Communications Mining user guide
Understanding the data structure and permissions
- Data sources
- Datasets
- Projects
These are collections of raw, unannotated communications data of a similar type, such as all emails from a shared mailbox, or a collection of NPS survey responses. For more details, check Sources. You can associate individual data sources with up to 10 different datasets.
These are comprised of 1 to 20 data sources, of similar type with similar intended purposes, and the model that you create when you train the platform to understand the data in those sources. For more details, check Datasets.
Projects represent a permissioned storage area within the platform. Each dataset and data source belongs to a specific project, which is designated when they are created. For more details, check Projects.
Tenants allow you to model your organization structure, separating your business flows, and information similae to real-life organizations. Tenants are containers where you can organize your services and manage them for a group of users.
For example, you can create tenants for each of your departments and decide what services you want to enable for each, based on their needs. In each tenant, you can have one instance of each of the cloud services.
It is important to note that you cannot promote Communications Mining™ models between different UiPath® Cloud tenants. For example, promoting from Development to Production.
If you can only deploy to Production, in a Production environment, then enable the IXP service, which includes Communications Mining, in Production. However, if you have flexibility with deploying to Production, from another environment, you can have your Production automations call the platform from the tenant it sits in, for example, Quality Assurance or Development.
Permissions are per-user and specific to each project that a user belongs to. They can provide access to sensitive data and, depending on the permission, allow users to perform a range of different actions in the platform. For more details, check Roles and their underlying permissions.

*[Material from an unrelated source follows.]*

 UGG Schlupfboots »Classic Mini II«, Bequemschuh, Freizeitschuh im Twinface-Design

If you are an Automation Cloud user, your IXP service, which includes Communications Mining, is enabled on a specific tenant. Tenants are where projects are stored.
Each dataset and data source is associated with a specific project, with users requiring permissions in those projects to be able to work with the data within them.

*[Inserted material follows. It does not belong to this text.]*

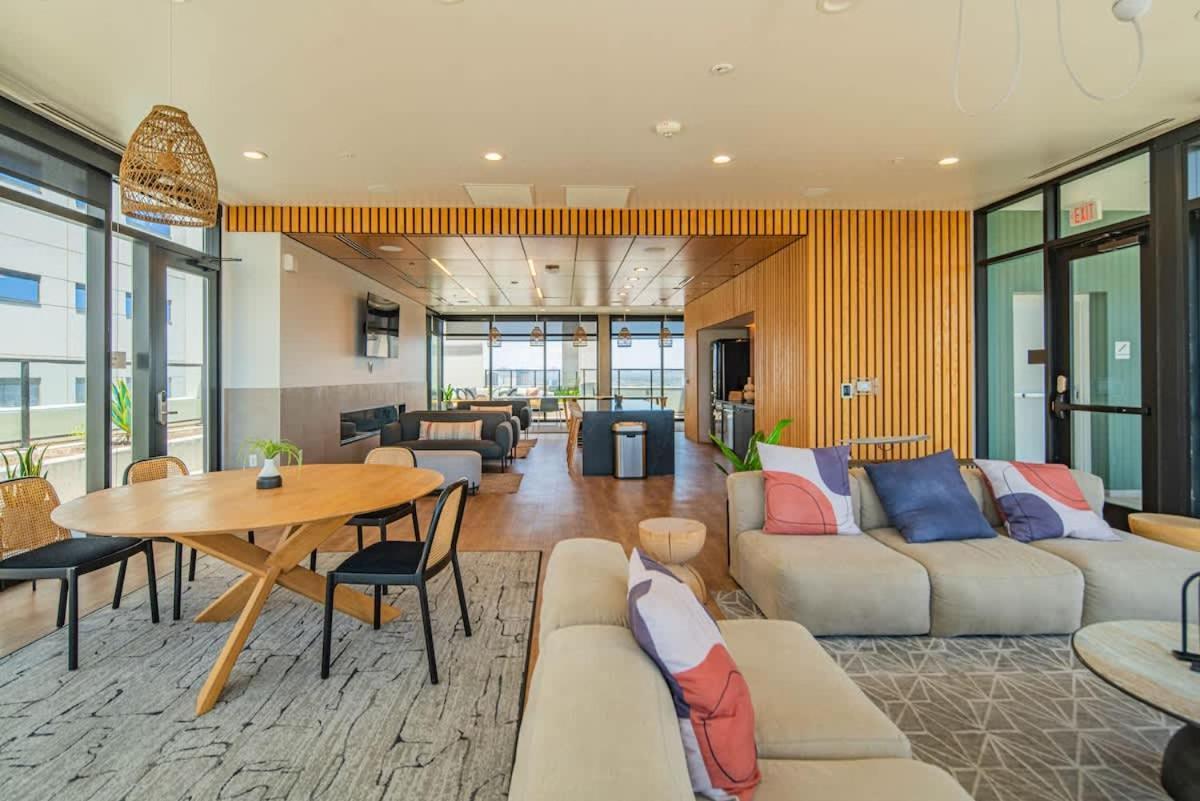 Detailed 2Bd, Highrise Dt, Pool, Gym, Parking, Sleeps 8 Lägenhet Phoenix Exteriör bild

Datasets in one project can be made up of data sources from another project. Users require permissions in both projects to view and annotate the data.

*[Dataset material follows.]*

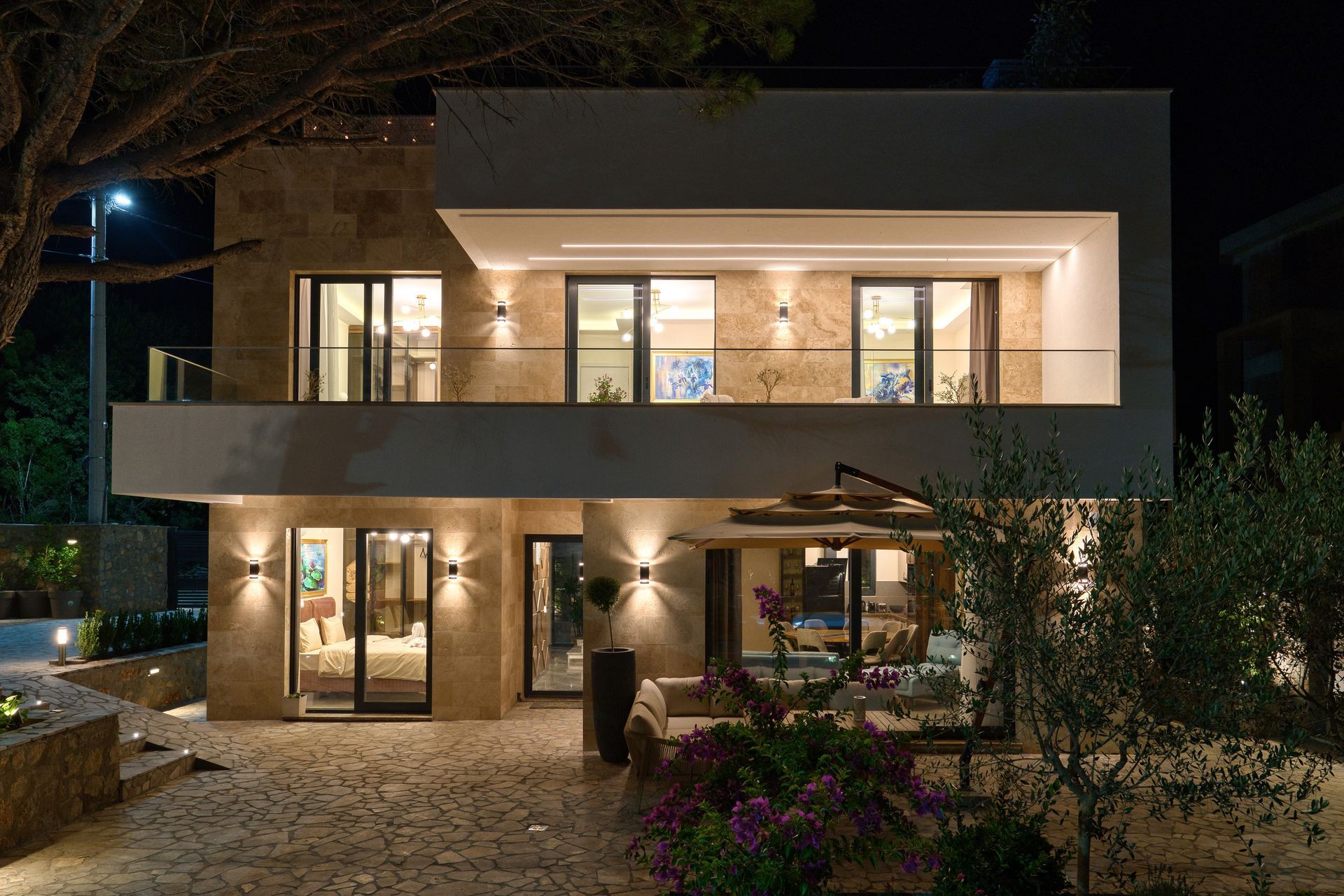 Izdavanje,Kotor,Zagora-Ekskluzivna Vila sa Bazenom, Krovnom Terasom, Đakuzijem i Letnjom Kuhinjom (NA PERIOD DO 01.05.2026) - Amfora Real Estate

The illustration depicts the relationship between these components and permissions:
- In the illustration, with Tenant A, all of the data sources are associated with Project A1, while there are datasets associated with both Project A1 and Project A2.
- If a user wanted to access datasets in Project A1, that is, dataset 1, 2, or 3, they would require viewing permissions for Project A1 only.
- However, if a user wanted to access datasets in Project A2, that is, dataset 4, 5, or 6, they would require viewing permissions for both Projects A1 and A2, because the data sources are all located in Project A1.
- To view project A1 or A2, the user would require access to Tenant A. To view project B1, the user would require access to Tenant B. The user permissions do not transfer cross-tenant.